HOW TO COMPLETE THIS TASK: Transcribe exactly the stretch of lines beginning at the one containing "2894 Park New" and closing with the last line of the entries below. Omit images.

Short text fragments from websites
----------

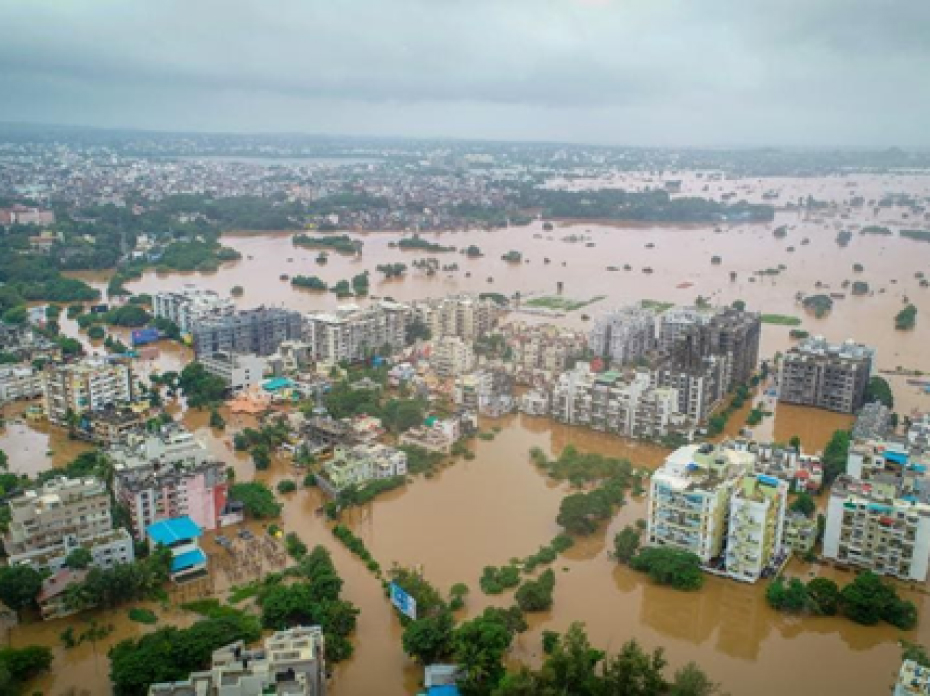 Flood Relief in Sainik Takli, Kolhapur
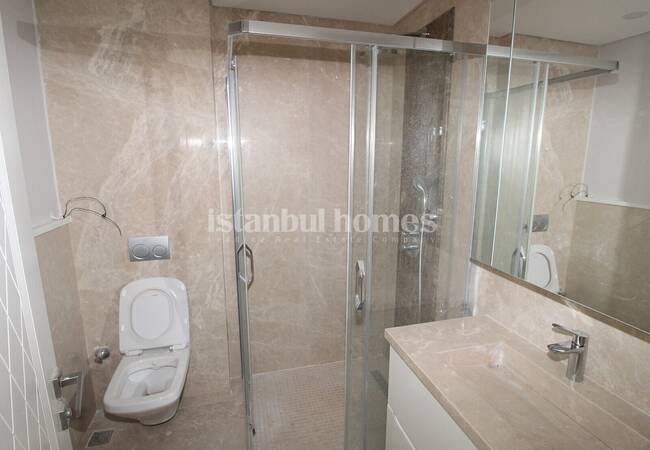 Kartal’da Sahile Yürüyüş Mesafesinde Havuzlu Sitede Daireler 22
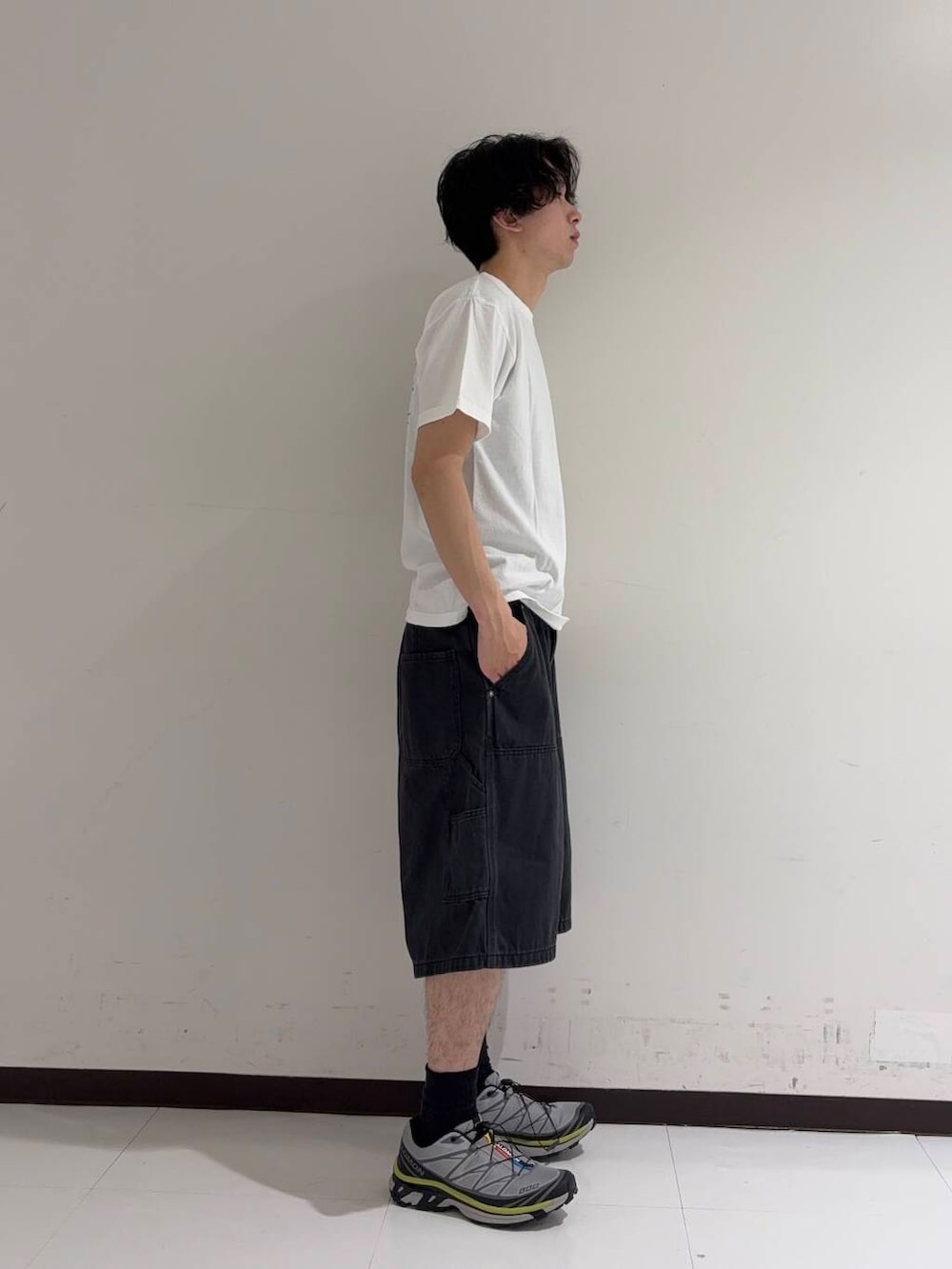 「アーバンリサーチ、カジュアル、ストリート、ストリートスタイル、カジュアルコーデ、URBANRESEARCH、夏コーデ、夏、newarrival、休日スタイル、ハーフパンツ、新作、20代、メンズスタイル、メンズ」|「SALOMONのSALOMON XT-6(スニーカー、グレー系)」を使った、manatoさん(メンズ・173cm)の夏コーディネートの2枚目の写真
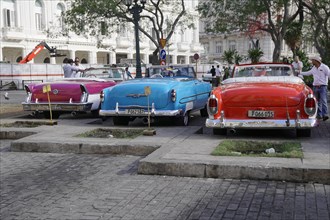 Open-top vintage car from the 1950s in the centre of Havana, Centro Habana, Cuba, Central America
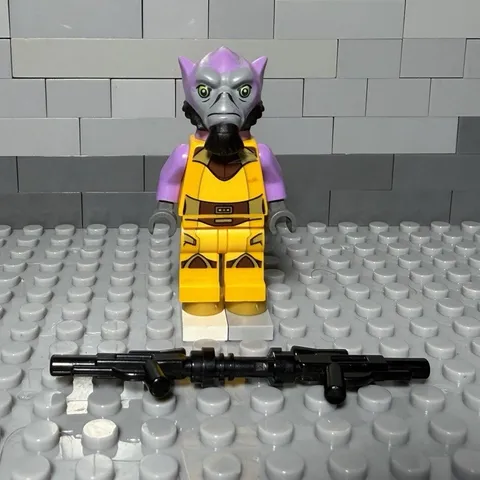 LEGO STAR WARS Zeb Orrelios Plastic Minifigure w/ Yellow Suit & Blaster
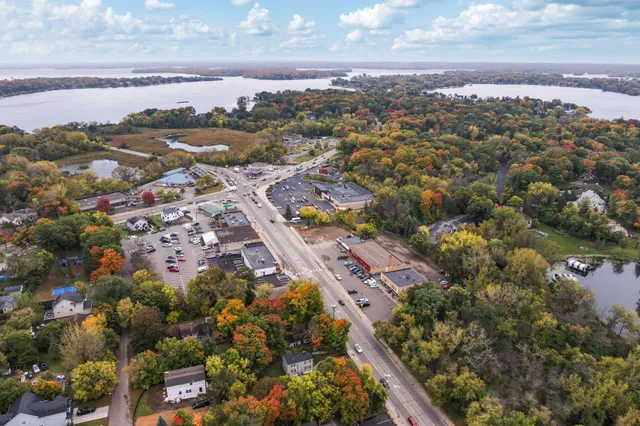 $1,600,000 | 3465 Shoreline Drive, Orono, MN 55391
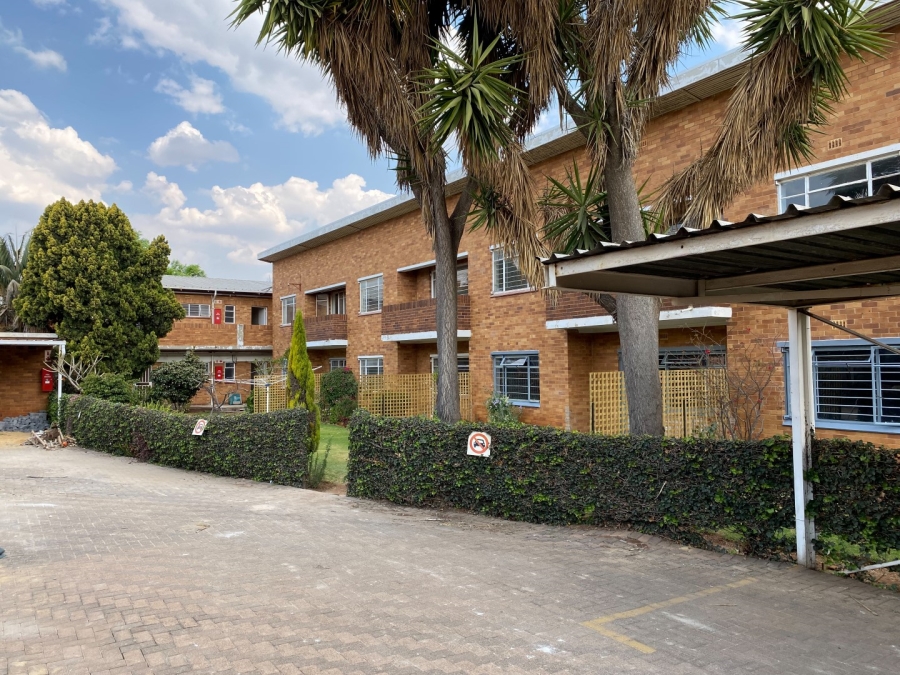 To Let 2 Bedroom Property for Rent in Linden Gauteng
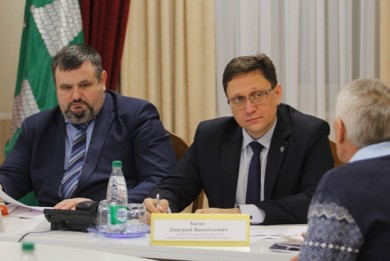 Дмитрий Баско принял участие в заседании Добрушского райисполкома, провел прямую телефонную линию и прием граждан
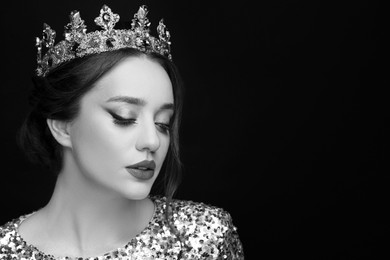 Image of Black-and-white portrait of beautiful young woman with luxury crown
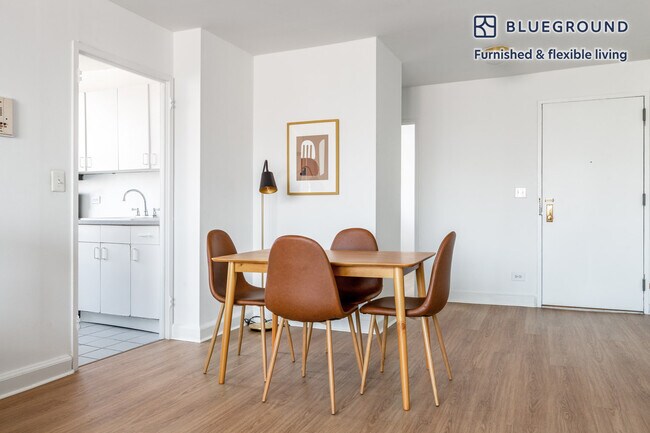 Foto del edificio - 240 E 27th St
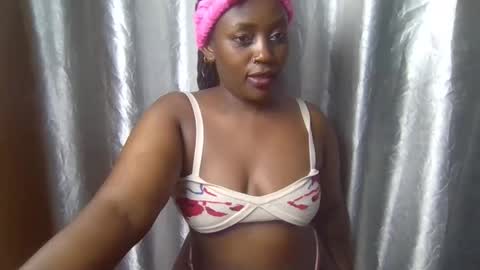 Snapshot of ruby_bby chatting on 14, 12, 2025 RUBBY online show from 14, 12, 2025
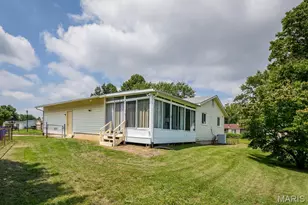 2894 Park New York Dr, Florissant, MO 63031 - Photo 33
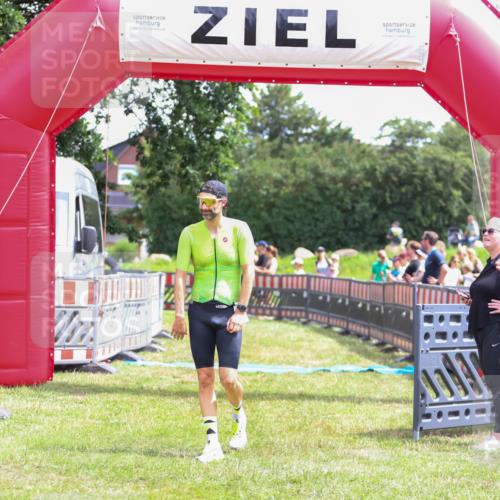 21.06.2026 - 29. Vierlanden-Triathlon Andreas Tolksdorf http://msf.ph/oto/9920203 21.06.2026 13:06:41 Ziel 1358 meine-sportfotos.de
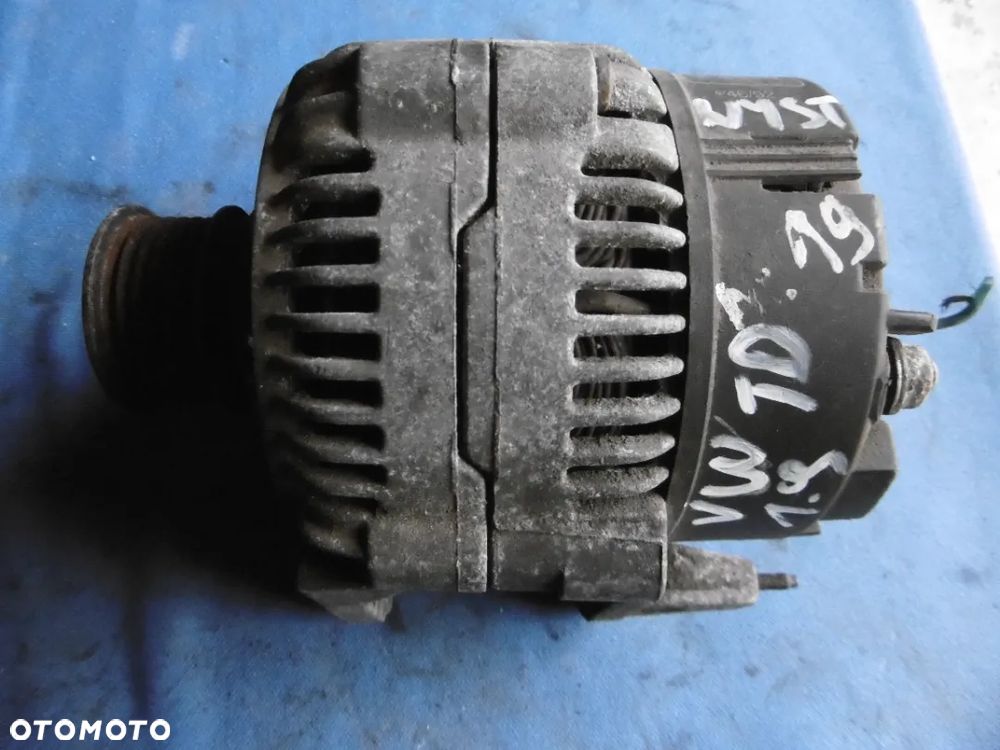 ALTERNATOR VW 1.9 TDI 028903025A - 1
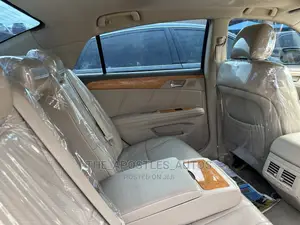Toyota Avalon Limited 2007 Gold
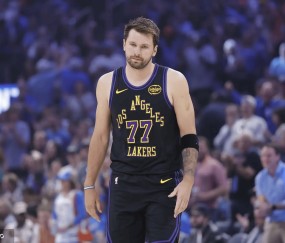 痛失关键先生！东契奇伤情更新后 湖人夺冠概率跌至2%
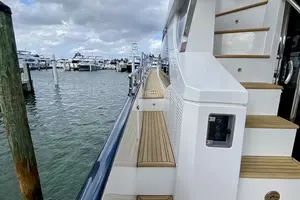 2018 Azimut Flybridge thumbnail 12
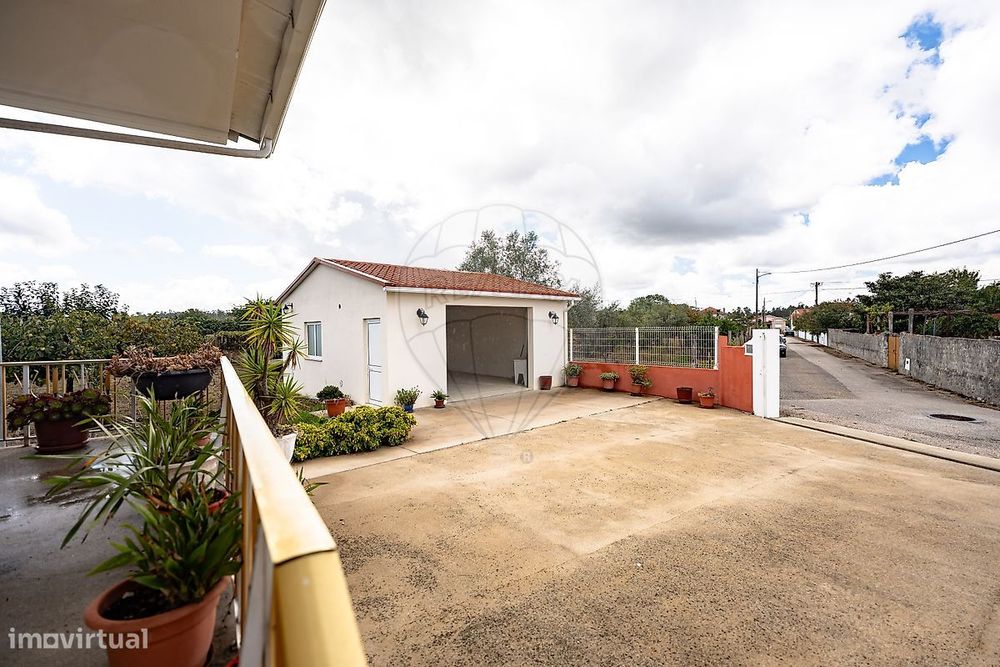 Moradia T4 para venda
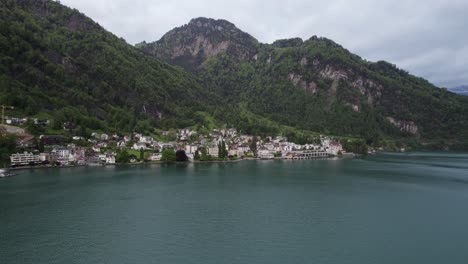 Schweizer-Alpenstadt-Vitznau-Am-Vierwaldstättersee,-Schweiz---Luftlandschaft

----------

ANSWER TO THE EXERCISE:
 2894 Park New York Dr, Florissant, MO 63031 - Photo 33
 21.06.2026 - 29. Vierlanden-Triathlon Andreas Tolksdorf http://msf.ph/oto/9920203 21.06.2026 13:06:41 Ziel 1358 meine-sportfotos.de
 ALTERNATOR VW 1.9 TDI 028903025A - 1
Toyota Avalon Limited 2007 Gold
 痛失关键先生！东契奇伤情更新后 湖人夺冠概率跌至2%
 2018 Azimut Flybridge thumbnail 12
 Moradia T4 para venda
 Schweizer-Alpenstadt-Vitznau-Am-Vierwaldstättersee,-Schweiz---Luftlandschaft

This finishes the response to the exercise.